MDE Use-Cases for Education
Use-cases for teaching model-driven engineering principles and tools.
Show me the use-cases

About


As a relatively new field, Model-Driven Engineering is still challenging to teach as we lack both mature and well-documented tools and (perhaps more importantly) appropriate use-cases. MDE4EDU is an initiative to collect, organise, discuss and disseminate such use-cases so that MDE educators can pool resources instead of working in isolation.

How does it work?


Each use-case lives in a separate GitHub repository under the MDE4EDU GitHub organisation. The description of the use-case resides in the README.md file (home page) of the repository. Feel free to browse through the available use-cases, to use them as they are, or to adapt them according to your needs. Now, if you would like to go a step further and contribute to this initiative, please read on.

How can I contribute?


There are 3 ways to contribute:

  1. The easiest way is to help us "rank" existing use-cases according to their completeness and usefulness. You can do this by starring the repositories of use-cases you like.
  2. To help contributors improve their use-cases, you can create GitHub issues with comments and suggestions in the respective repositories.
  3. When you are ready to contribute a new case study, you can create a new GitHub issue in the mde4edu.github.io repository and ask us to grant you write access to the MDE4EDU GitHub organisation. Once you have access, you can create a new repository under the organisation and share your use-case there. You don't need to provide an implementation; a brief description that the community can discuss and improve over time is more than welcome.

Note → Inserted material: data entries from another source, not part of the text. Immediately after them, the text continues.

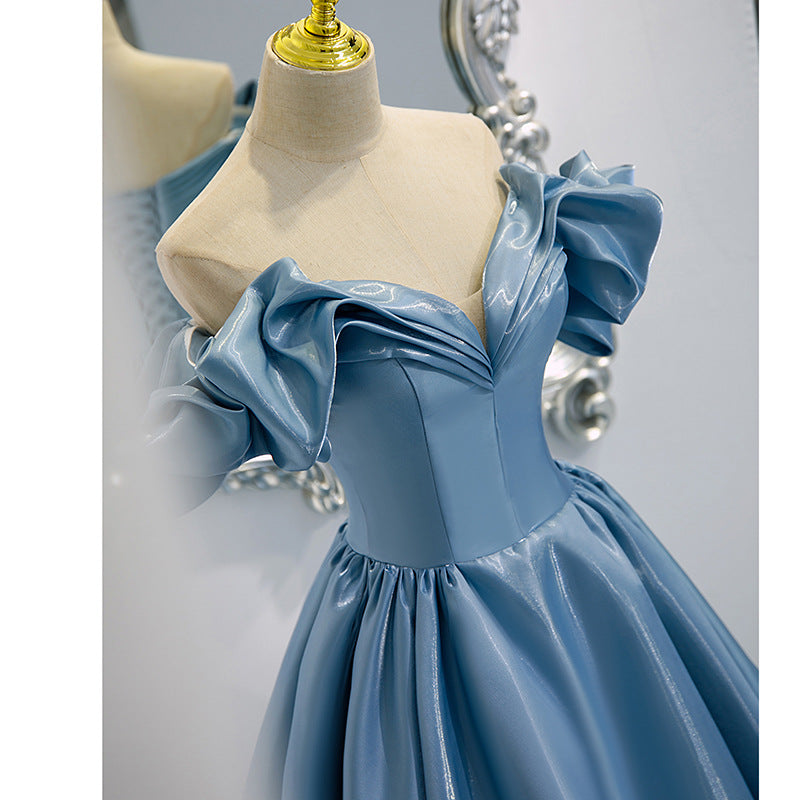 Evening Dress Sky Blue New Blue Color Satin Long French off-Shoulder Host Temperament Costume H293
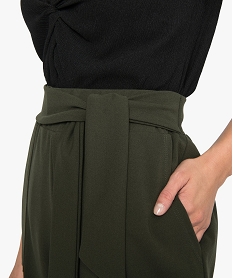 pantalon femme large et fluide a taille elastiquee vert pantalonsA270401_2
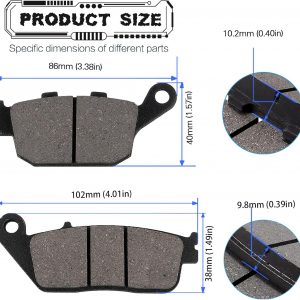 LOCOPOW Front & Rear Brake Pads for Honda CB500F CB300F CB500X CBR250R CBR300R CBR500R CMX300 CMX500 Rebal 300 500 CTX700 NC700 NC750 2011-2023
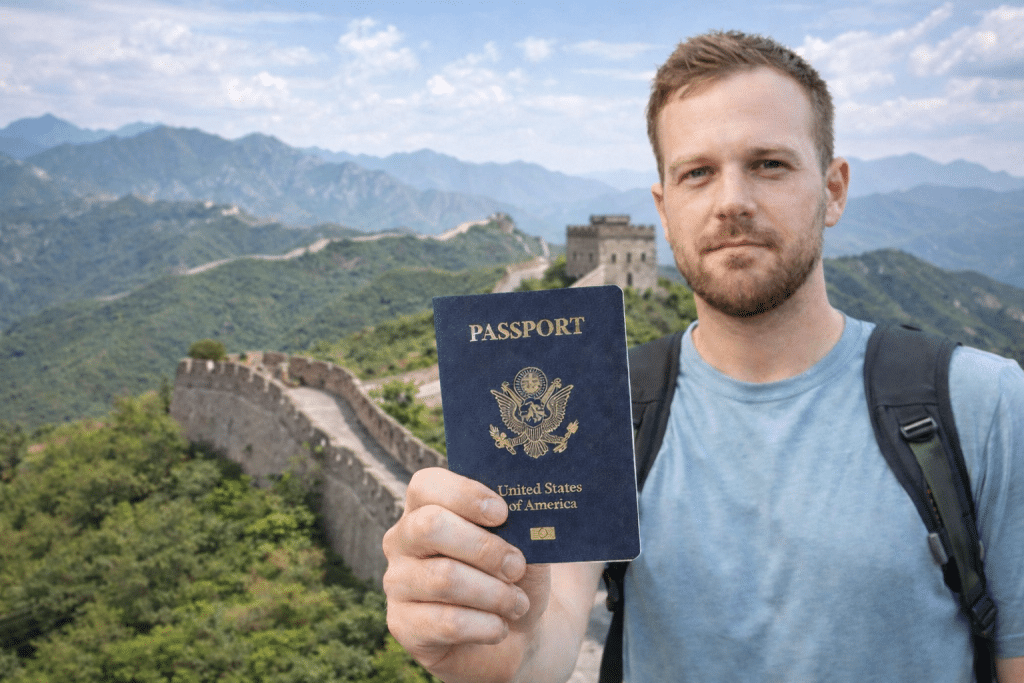 Foreign traveler holding a passport at the Great Wall of China, used for China travel registration guide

What is a "good" use-case?


It's unikely that we have a bulletproof answer at this stage; however, it's worth considering the following:

  1. It can be simplified, but its domain should remain realistic. For example, defining a bookstore/library metamodel and generating a HTML page from a model that conforms to it, is hardly something that a practitioner would ever need to do.
  2. It should not attempt to reinvent the wheel. For example, generating a bespoke object-relational mapping layer from a UML class diagram is unlikely to be a wise choice for a practitioner in the era of Hibernate.
  3. It should not involve (too many) non-MDE technologies that 3rd/4th-year university students are unlikely to be familiar with. Doing so, could shift the focus from MDE to these technologies and be counter-productive – particularly for a short MDE course.

If in doubt, be brave, share your use-case, and let the community help you improve it.